→ Input records
----------

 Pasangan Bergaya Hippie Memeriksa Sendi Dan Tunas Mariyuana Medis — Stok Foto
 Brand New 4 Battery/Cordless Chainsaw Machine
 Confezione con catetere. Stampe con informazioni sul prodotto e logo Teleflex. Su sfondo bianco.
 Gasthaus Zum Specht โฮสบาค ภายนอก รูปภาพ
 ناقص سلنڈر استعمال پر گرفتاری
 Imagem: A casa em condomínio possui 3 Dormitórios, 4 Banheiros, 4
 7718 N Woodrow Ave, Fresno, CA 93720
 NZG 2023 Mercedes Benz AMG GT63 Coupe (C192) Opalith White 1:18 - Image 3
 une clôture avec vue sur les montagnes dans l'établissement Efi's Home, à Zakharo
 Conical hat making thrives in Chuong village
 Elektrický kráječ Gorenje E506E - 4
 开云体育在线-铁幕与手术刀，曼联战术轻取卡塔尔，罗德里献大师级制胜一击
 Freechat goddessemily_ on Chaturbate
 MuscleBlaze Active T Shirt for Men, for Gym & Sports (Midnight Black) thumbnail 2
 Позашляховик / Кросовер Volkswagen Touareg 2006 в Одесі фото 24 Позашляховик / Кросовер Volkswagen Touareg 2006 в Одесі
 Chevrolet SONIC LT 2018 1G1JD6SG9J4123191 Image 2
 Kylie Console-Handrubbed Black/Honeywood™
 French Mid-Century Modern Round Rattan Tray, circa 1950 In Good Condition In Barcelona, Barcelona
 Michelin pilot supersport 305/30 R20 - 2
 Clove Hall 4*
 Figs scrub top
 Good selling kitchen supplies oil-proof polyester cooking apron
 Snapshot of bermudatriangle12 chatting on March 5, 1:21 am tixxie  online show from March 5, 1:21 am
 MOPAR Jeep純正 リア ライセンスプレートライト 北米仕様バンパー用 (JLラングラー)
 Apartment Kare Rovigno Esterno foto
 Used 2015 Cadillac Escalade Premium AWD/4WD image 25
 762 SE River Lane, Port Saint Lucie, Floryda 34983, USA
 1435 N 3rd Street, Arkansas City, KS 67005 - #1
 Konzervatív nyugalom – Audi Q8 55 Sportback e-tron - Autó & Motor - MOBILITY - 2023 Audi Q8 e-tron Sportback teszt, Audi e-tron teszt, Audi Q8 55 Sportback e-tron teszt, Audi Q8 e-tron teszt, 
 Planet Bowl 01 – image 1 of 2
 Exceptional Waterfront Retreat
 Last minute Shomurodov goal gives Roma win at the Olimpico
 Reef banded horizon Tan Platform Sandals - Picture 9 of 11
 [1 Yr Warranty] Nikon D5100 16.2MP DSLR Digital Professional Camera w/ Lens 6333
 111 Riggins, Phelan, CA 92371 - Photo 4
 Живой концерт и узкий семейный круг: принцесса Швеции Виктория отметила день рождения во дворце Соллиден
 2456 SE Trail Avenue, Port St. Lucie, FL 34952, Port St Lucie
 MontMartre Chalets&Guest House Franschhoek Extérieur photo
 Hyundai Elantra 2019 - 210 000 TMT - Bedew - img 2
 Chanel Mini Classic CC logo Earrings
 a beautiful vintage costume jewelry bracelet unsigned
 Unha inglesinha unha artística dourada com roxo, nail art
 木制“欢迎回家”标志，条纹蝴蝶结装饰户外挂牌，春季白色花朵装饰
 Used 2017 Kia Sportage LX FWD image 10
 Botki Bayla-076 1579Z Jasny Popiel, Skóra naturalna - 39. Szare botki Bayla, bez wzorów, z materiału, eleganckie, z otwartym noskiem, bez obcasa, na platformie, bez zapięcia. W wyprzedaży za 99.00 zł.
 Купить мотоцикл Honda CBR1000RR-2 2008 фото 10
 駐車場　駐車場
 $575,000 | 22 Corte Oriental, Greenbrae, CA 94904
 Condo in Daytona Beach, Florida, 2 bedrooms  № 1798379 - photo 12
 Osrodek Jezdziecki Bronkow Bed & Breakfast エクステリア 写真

----------

→ Task item
Return all entries exactly.

→ Task output
 Pasangan Bergaya Hippie Memeriksa Sendi Dan Tunas Mariyuana Medis — Stok Foto
 Brand New 4 Battery/Cordless Chainsaw Machine
 Confezione con catetere. Stampe con informazioni sul prodotto e logo Teleflex. Su sfondo bianco.
 Gasthaus Zum Specht โฮสบาค ภายนอก รูปภาพ
 ناقص سلنڈر استعمال پر گرفتاری
 Imagem: A casa em condomínio possui 3 Dormitórios, 4 Banheiros, 4
 7718 N Woodrow Ave, Fresno, CA 93720
 NZG 2023 Mercedes Benz AMG GT63 Coupe (C192) Opalith White 1:18 - Image 3
 une clôture avec vue sur les montagnes dans l'établissement Efi's Home, à Zakharo
 Conical hat making thrives in Chuong village
 Elektrický kráječ Gorenje E506E - 4
 开云体育在线-铁幕与手术刀，曼联战术轻取卡塔尔，罗德里献大师级制胜一击
 Freechat goddessemily_ on Chaturbate
 MuscleBlaze Active T Shirt for Men, for Gym & Sports (Midnight Black) thumbnail 2
 Позашляховик / Кросовер Volkswagen Touareg 2006 в Одесі фото 24 Позашляховик / Кросовер Volkswagen Touareg 2006 в Одесі
 Chevrolet SONIC LT 2018 1G1JD6SG9J4123191 Image 2
 Kylie Console-Handrubbed Black/Honeywood™
 French Mid-Century Modern Round Rattan Tray, circa 1950 In Good Condition In Barcelona, Barcelona
 Michelin pilot supersport 305/30 R20 - 2
 Clove Hall 4*
 Figs scrub top
 Good selling kitchen supplies oil-proof polyester cooking apron
 Snapshot of bermudatriangle12 chatting on March 5, 1:21 am tixxie  online show from March 5, 1:21 am
 MOPAR Jeep純正 リア ライセンスプレートライト 北米仕様バンパー用 (JLラングラー)
 Apartment Kare Rovigno Esterno foto
 Used 2015 Cadillac Escalade Premium AWD/4WD image 25
 762 SE River Lane, Port Saint Lucie, Floryda 34983, USA
 1435 N 3rd Street, Arkansas City, KS 67005 - #1
 Konzervatív nyugalom – Audi Q8 55 Sportback e-tron - Autó & Motor - MOBILITY - 2023 Audi Q8 e-tron Sportback teszt, Audi e-tron teszt, Audi Q8 55 Sportback e-tron teszt, Audi Q8 e-tron teszt, 
 Planet Bowl 01 – image 1 of 2
 Exceptional Waterfront Retreat
 Last minute Shomurodov goal gives Roma win at the Olimpico
 Reef banded horizon Tan Platform Sandals - Picture 9 of 11
 [1 Yr Warranty] Nikon D5100 16.2MP DSLR Digital Professional Camera w/ Lens 6333
 111 Riggins, Phelan, CA 92371 - Photo 4
 Живой концерт и узкий семейный круг: принцесса Швеции Виктория отметила день рождения во дворце Соллиден
 2456 SE Trail Avenue, Port St. Lucie, FL 34952, Port St Lucie
 MontMartre Chalets&Guest House Franschhoek Extérieur photo
 Hyundai Elantra 2019 - 210 000 TMT - Bedew - img 2
 Chanel Mini Classic CC logo Earrings
 a beautiful vintage costume jewelry bracelet unsigned
 Unha inglesinha unha artística dourada com roxo, nail art
 木制“欢迎回家”标志，条纹蝴蝶结装饰户外挂牌，春季白色花朵装饰
 Used 2017 Kia Sportage LX FWD image 10
 Botki Bayla-076 1579Z Jasny Popiel, Skóra naturalna - 39. Szare botki Bayla, bez wzorów, z materiału, eleganckie, z otwartym noskiem, bez obcasa, na platformie, bez zapięcia. W wyprzedaży za 99.00 zł.
 Купить мотоцикл Honda CBR1000RR-2 2008 фото 10
 駐車場　駐車場
 $575,000 | 22 Corte Oriental, Greenbrae, CA 94904
 Condo in Daytona Beach, Florida, 2 bedrooms  № 1798379 - photo 12
 Osrodek Jezdziecki Bronkow Bed & Breakfast エクステリア 写真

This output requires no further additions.